やりたいことを仕事にしている人は幸せだと思う。

今の仕事は、ずっとやりたいと思っていた仕事かと聞いたら、たいていの人はそうではないと答えるのではなかろうか。少なくとも私は、「やりたい仕事」を持ったことがない。

「大人になったら何になりたい?」ということは小さい時から聞かれる。私にとって、そう聞かれることは、本当に苦痛だった。

そのつらい最初の経験は、幼稚園の時だった。「将来なりたい仕事を絵で描きましょう」というのがお題であった。何にもなることを決めていなかった私は、悩んだ挙句、たまたま心に浮かんだ電車の絵を描いた。踏切を通過している電車の絵だ。視点は歩行者にある。そして、「将来、電車の運転士になりたい」と嘘をついた。果たして、この嘘を見抜けた大人はいただろうか。電車の運転士になりたかったら、通常は運転室から見た風景を描くはずである。正面に線路があり、両サイドは建物が並ぶ。建物を描くのが面倒なら、森林の間を通過していることにすればよい。そうすれば両サイドの色は2色で済む。いや、鉄橋の上なら、下は川の色、水色の一色で手間が省ける。黒一色にして、星をちりばめ、「銀河鉄道」などと言ったら、大人が喜ばないわけがない。それでも横からの絵にした。「今ここで、自分の将来を決めなさい」と言わんばかりに、大人になるまでの豊かな時間を奪い去ろうとした大人たちへの精一杯の反抗であった。

少年時代はあっという間に過ぎて大学生になった。一浪した挙句、滑り止めの大学にしか受からなかった私は、人生の春を謳歌する周囲とは裏腹に、絶望とともに大学生活をスタートさせた。大学2年の時にバブルがはじけたので、入学した時は、バブル経済は最高潮を迎えたころだった。クラブ、ナンパ、怪しいバイト、とにかく人生がつまらなくてしょうがない私にとって、周りは何もかも狂っているように映った。

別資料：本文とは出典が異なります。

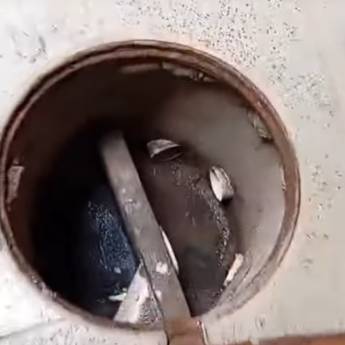 Comprar o produto de Desentupidora e Limpeza de Fossa em Mairiporã, SP – Desentupidora Fácil Ambiental em Desentupidoras em Franco da Rocha, SP por Solutudo Comprar o produto de Desentupidora e Limpeza de Fossa em Mairiporã, SP – Desentupidora Fácil Ambiental em Desentupidoras em Franco da Rocha, SP por Solutudo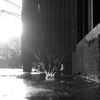 JOHN PROSSER: Rain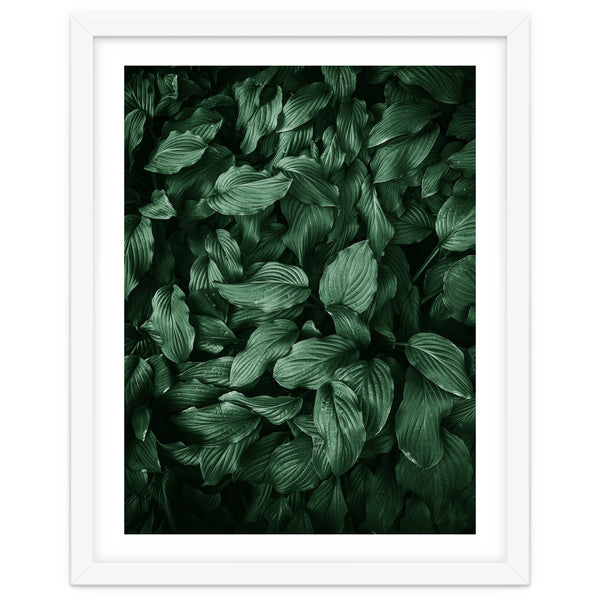 New Foliage Green Ii
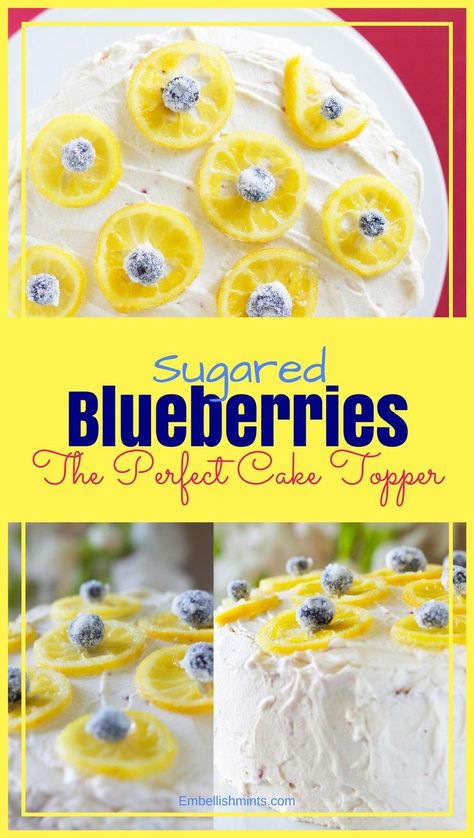 Sugared Blueberries make the perfect cake toppers! They're not difficult, they're edible and taste delicious. You will love these candied blueberries. www.Embellishmints.com Candied Blueberries, Sugared Blueberries, Strawberry Whipped Cream Frosting, Blueberries Cake, Sugared Fruit, Candied Lemon Slices, Elaborate Cakes, Lemon Juice Benefits, Candied Lemon Peel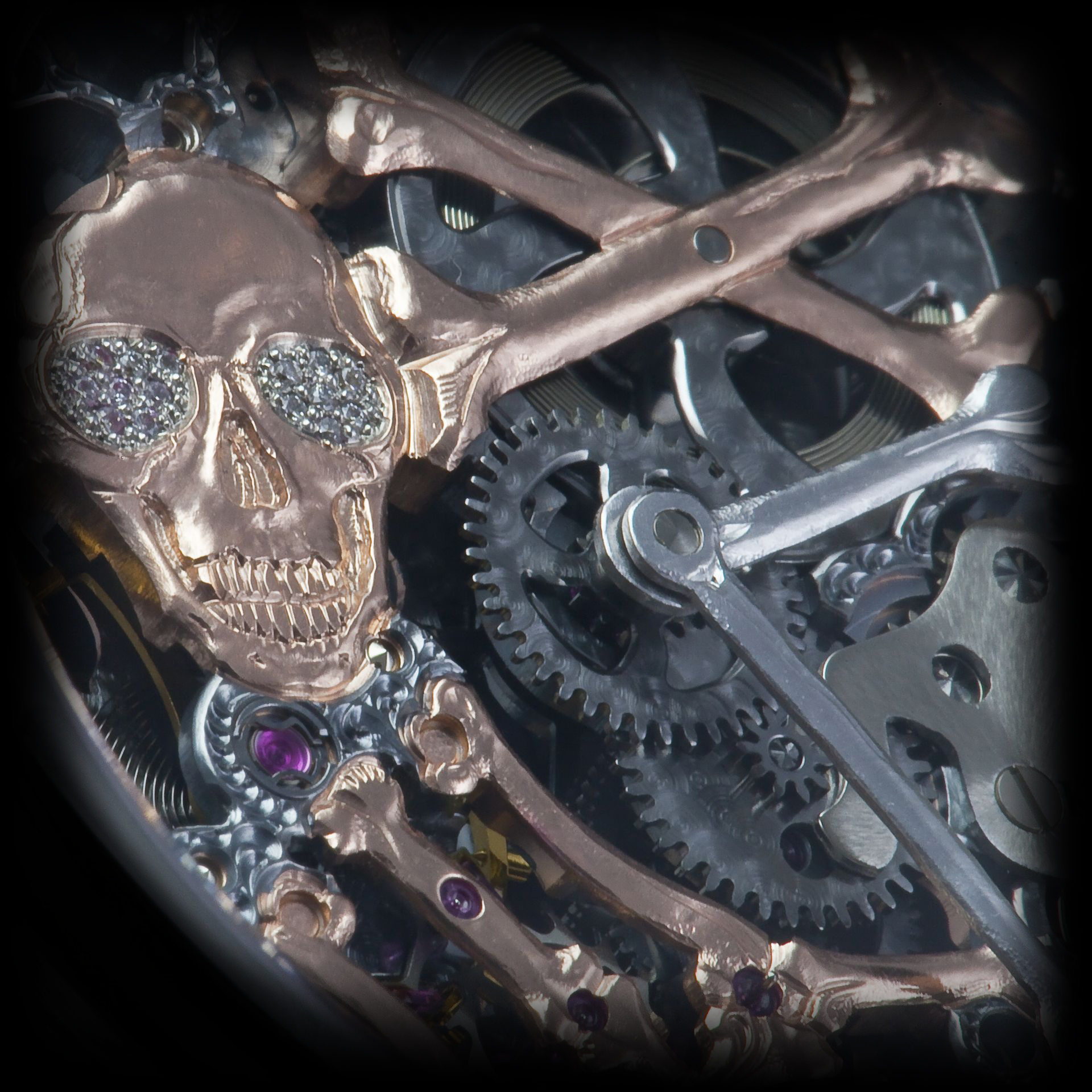 Real-Skeleton_skull-detail_R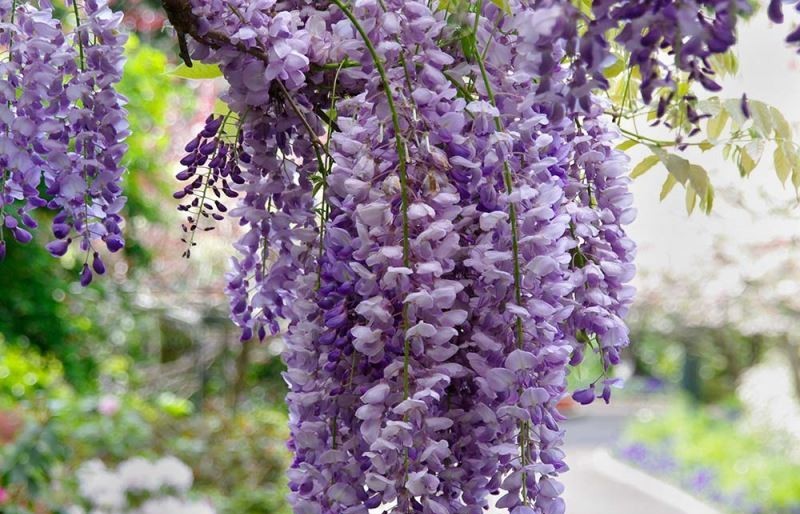 Hoa tử đằng: Cách trồng và ý nghĩa phong thủy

私は、サークルの先輩の紹介でデパートの配達のバイトを始めた。宅配時、配達員が嫌がるものの一つが缶ビールの箱だ。2つ、3つ重ねると、とにかく重い。特にエレベーターのない4階建てなどのマンションの4階などは相当つらい。台車が使えないオフィスビルも誰も好んで行きたがらない。そのため、ビール箱の配送が集中するお中元や、お歳暮の時期は、一番若く体力もある私がオフィス街担当になった。私は、大きな会社から小さな会社まで、ありとあらゆる会社を見て回る機会を得た。

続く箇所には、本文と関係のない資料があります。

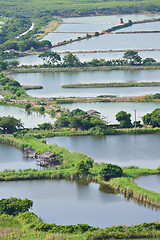 Image showing Fish Hatchery Pond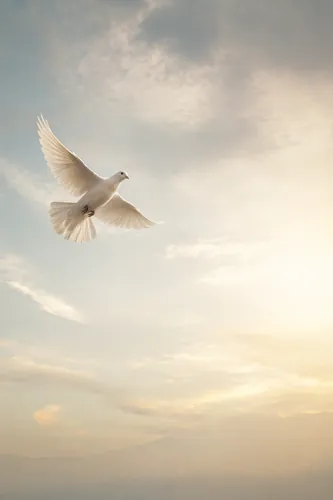 Peace Background 3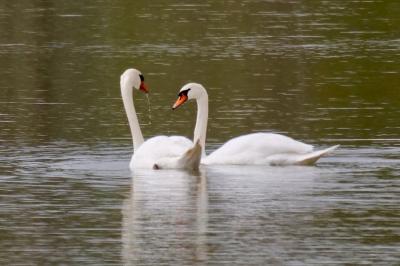 Cygne tuberculé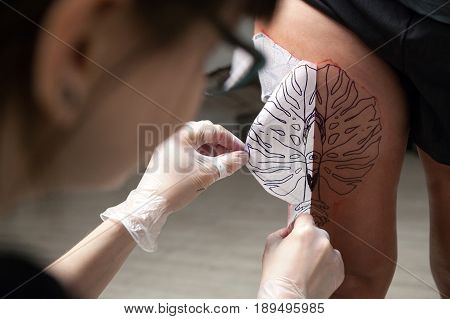 A professional tattooist is presented with sketch on the body of the girl in the Studio. Girl master and model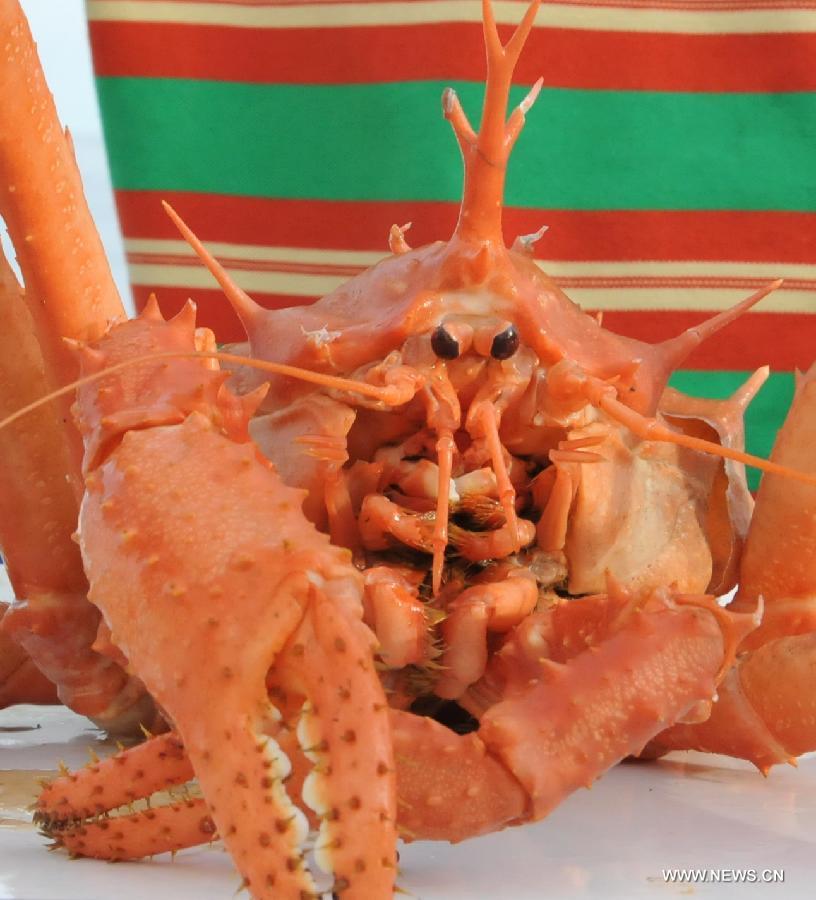 Photo taken on June 19, 2013 by China's manned deep-sea submersible Jiaolong shows spider crab captured in the cold vents of south China sea, south China. Jiaolong finished the first diving operation for its first voyage of experimental application in the South China Sea on Monday, a large amount of images were captured during its maiden voyage. Qiu Jianwen, a professor from Hong Kong Baptist University, obtained deep-sea samples in the cold vents of the South China Sea during a dive conducted on Wednesday.(Xinhua/Zhang Xudong)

しかし、そこでも、失望しか体験できなかった。オフィスの中は、ガヤガヤと活気があった。しかし、会話に耳を澄ますと、ゴルフなど趣味の話題ばかりで、仕事に関するものはほとんどなかった。OLのお尻を触ることにしか「人生の望み」がないようなおじさんに出会った時はショックだった。そんな中で、一人デスクに向かってもくもくと手を動かすビジネスマンを見つけた時は、泥の中に浮かぶ一輪の蓮の花を見たようで救われた気分がした。すっと後ろに回わり、パソコンの画面を覗きこんだが、熱中していたのはコンピュータゲームと知って、気を失いかけた。オフィスはプレイランドというか、まるで動物園のようであった。外から観察する分はいいが、中にいて同じ空気を吸う気にはなれなかった。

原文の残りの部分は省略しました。